Before HALL and ERVIN, Circuit Judges, and BUTZNER, Senior Circuit Judge.



Carlos Gomez appeals the dismissal of his motion filed pursuant to 28 U.S.C. § 2255 (1988), as amended by Antiterrorism and Effective Death Penalty Act of 1996, Pub. L. No. 104-132, 110 Stat. 1217. The case was referred to a magistrate judge for a report and recommendation pursuant to 28 U.S.C.A. § 636(b) (1) (West 1993). On January 29, 1996, the magistrate judge filed a recommendation that the petition be dismissed. Attached to the magistrate judge's report and recommendation was a notice stating that objections were to be filed within ten days. Computing the time for objections in accordance with Fed. R. Civ. P. 6(a), (e), 72(b), Gomez's objections were due on February 15.

In an order filed February 21, the district court noted that no objections to the magistrate judge's recommendation had been filed and adopted the recommendation without a de novo review. On March 7, Gomez filed a notice of appeal. On April 8, Gomez filed a motion in this court seeking remand to the district court for consideration of his objections. Gomez contends that he did not receive the magistrate judge's report until February 29 due to his prison transfer. Attached to Gomez's motion is a letter from R. Lavella, Gomez's case manager at the Federal Correctional Institution in Allenwood, Pennsylvania, where Gomez is currently incarcerated. Lavella's letter corroborates Gomez's assertions.

A counselled litigant who fails to object in writing within ten days to a magistrate judge's proposed findings of fact and conclusions of law is not entitled to de novo review of the magistrate judge's determinations, see 28 U.S.C.A. § 636(b) (1) (B) (West 1993), and is barred from contesting these determinations on appeal. See Wright v. Collins, 766 F.2d 841, 845-46 (4th Cir. 1985). However, the waiver applied for failure to file objections is a prudential rule, not a jurisdictional requirement. See United States v. Schronce, 727 F.2d 91, 93-94 (4th Cir.), cert. denied, 467 U.S. 1208 (1984). Consequently, when a litigant is proceeding pro se, we have held that he must be given fair notice of the consequences of failing to object before a default will result. See Wright, 766 F.2d at 846.
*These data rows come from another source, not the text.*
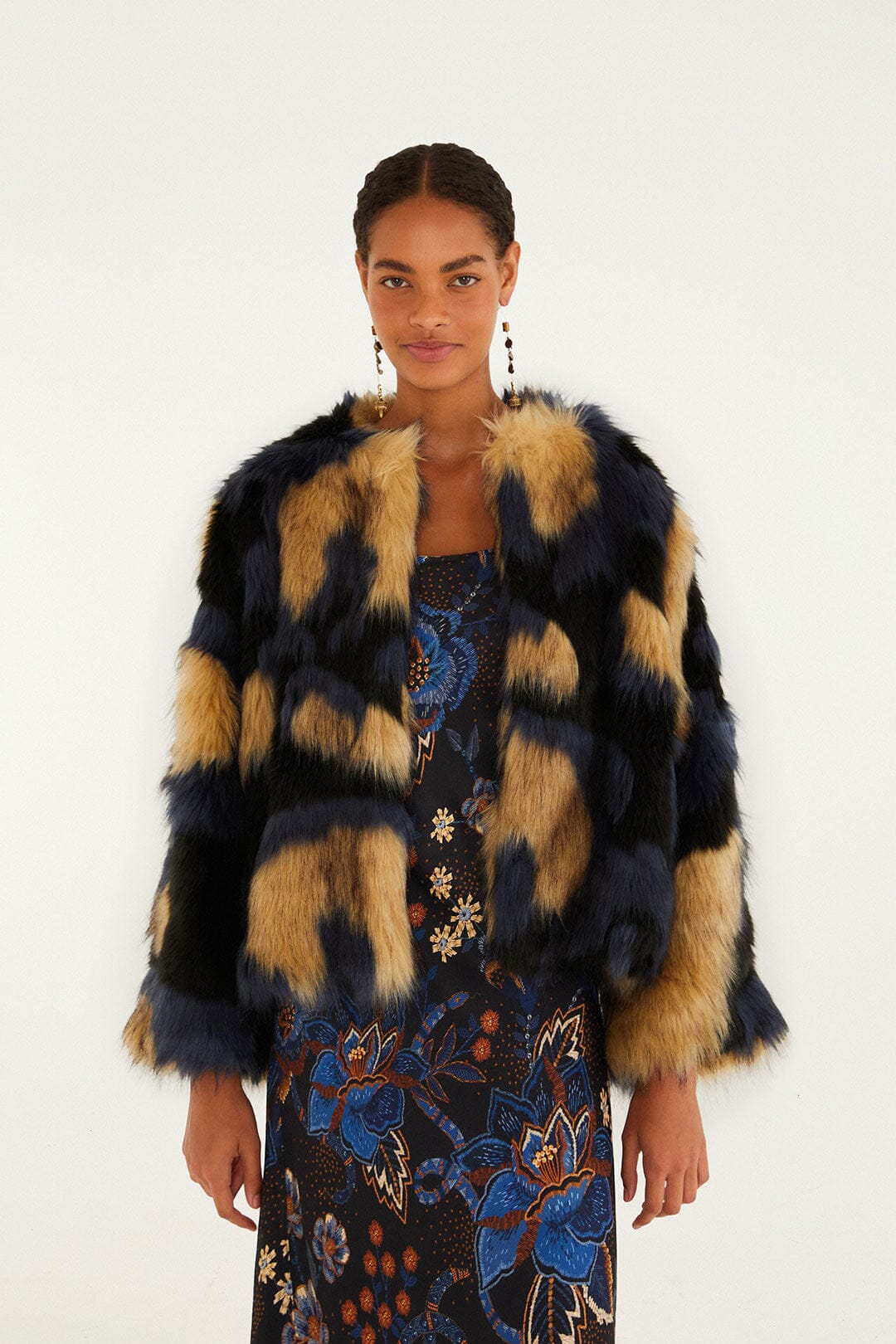 Multicolor Fur Coat FARM Rio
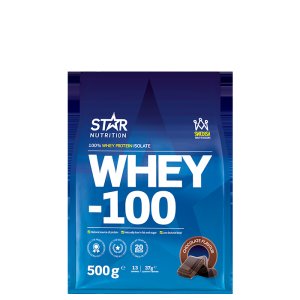 Star Nutrition Whey-100, 500 g, chocolate, kort dato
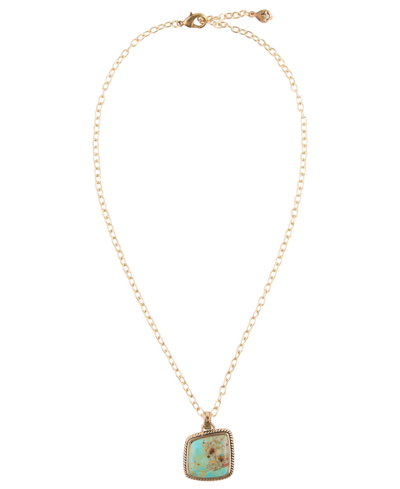 Shop Barse Boulder Bronze And Genuine Turquoise Pendant On Chain Necklace In Blue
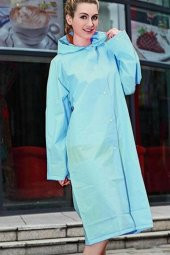 Kadın Erkek Yağmurluk Kapüşonlu Çıtçıtlı Eva Su Yeşili Yağmurluk M21mrc881r10 - 2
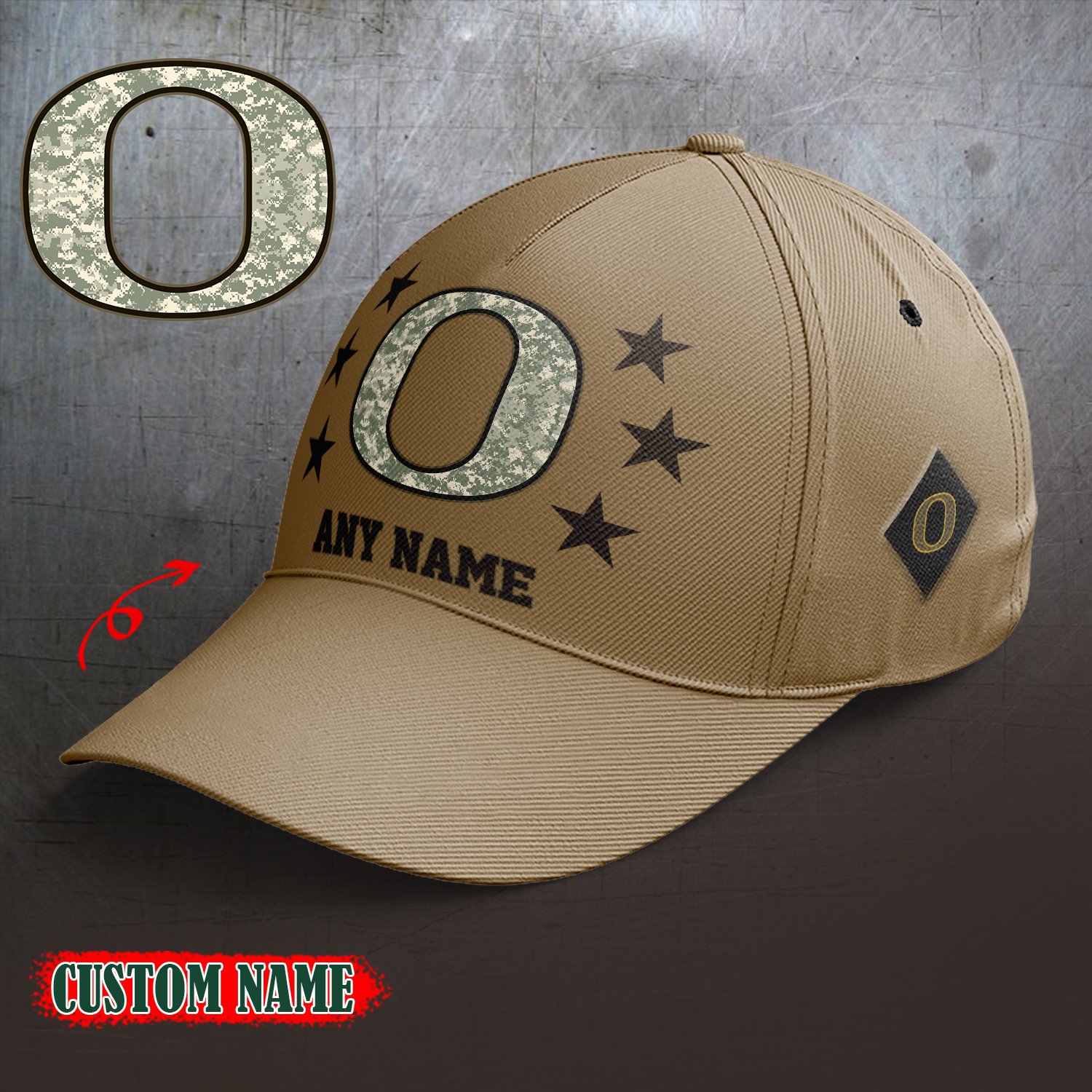 Oregon Ducks 2024 Armed Forces Day  Cap custom custom 58304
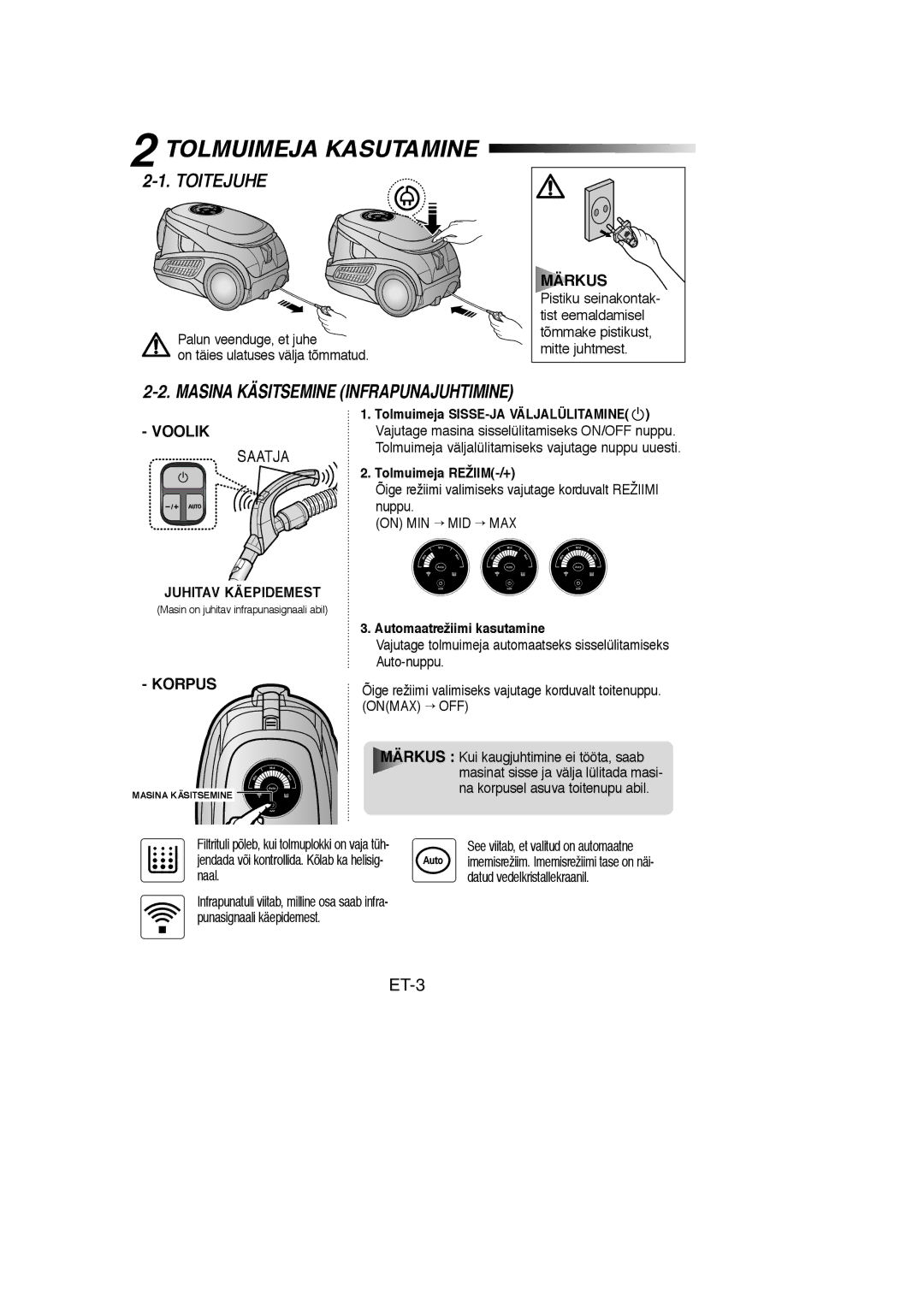 Samsung VCC9560H3K/XEV, VCC9560H3K/XSB manual Tolmuimeja Kasutamine, Toitejuhe, Masina Käsitsemine Infrapunajuhtimine, ET-3 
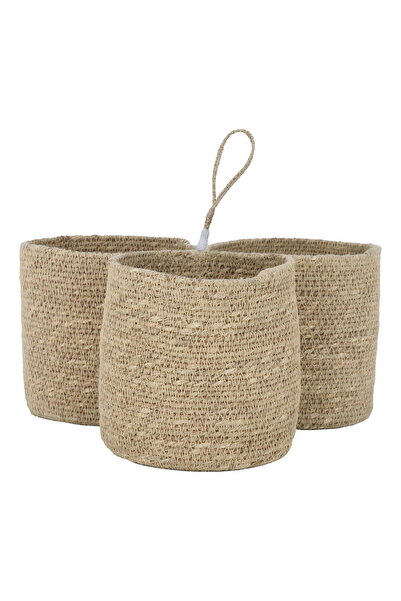 Generic Al Saif Gallery Wicker Storage Basket, 3 Compartments - Beige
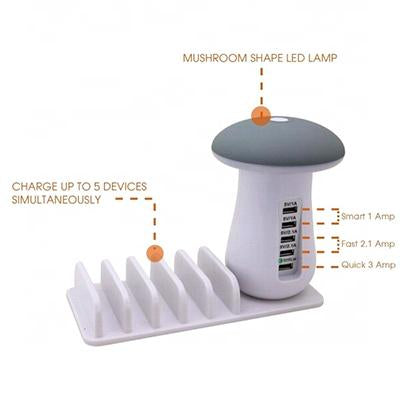 5 Port Quick Charger with Night Lamp by Corporate Gift Store Singapore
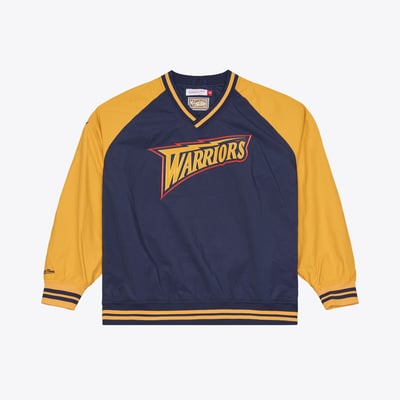  Golden State Warriors Mitchell & Ness Classic V-Neck Raglan Pullover - Navy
When objections have been filed, de novo review of a magistrate judge's determinations by an Article III judge is not only required by statute, see Orpiano v. Johnson, 687 F.2d 44, 47-48 (4th Cir. 1982), but is indispensable to the constitutionality of the Magistrate Judge's Act. See United States v. Raddatz, 447 U.S. 667, 681-82 (1980). If Gomez's contentions are true, he timely received neither the magistrate judge's report nor notice of the consequences of failing to object to the report. Because delays in delivery of mail--over which prisoners have no control--can justify the untimely filing of objections, see Grandison v. Moore, 786 F.2d 146, 149 (3d Cir. 1986), we hold that Gomez should be permitted to prove in the district court that he did not receive proper notice.

Accordingly, we vacate the order of the district court and remand so that the district court can determine whether Gomez timely received the report and recommendation. If the district court determines that the report was not timely received by Gomez, the court should permit Gomez to file objections and then conduct the requisite review. Should the court find that Gomez did receive proper notice, it should reinstate its dismissal of the § 2255 motion. We therefore grant Gomez's motion to remand. We dispense with oral argument because the facts and legal contentions are adequately presented in the materials before the court and argument would not aid the decisional process.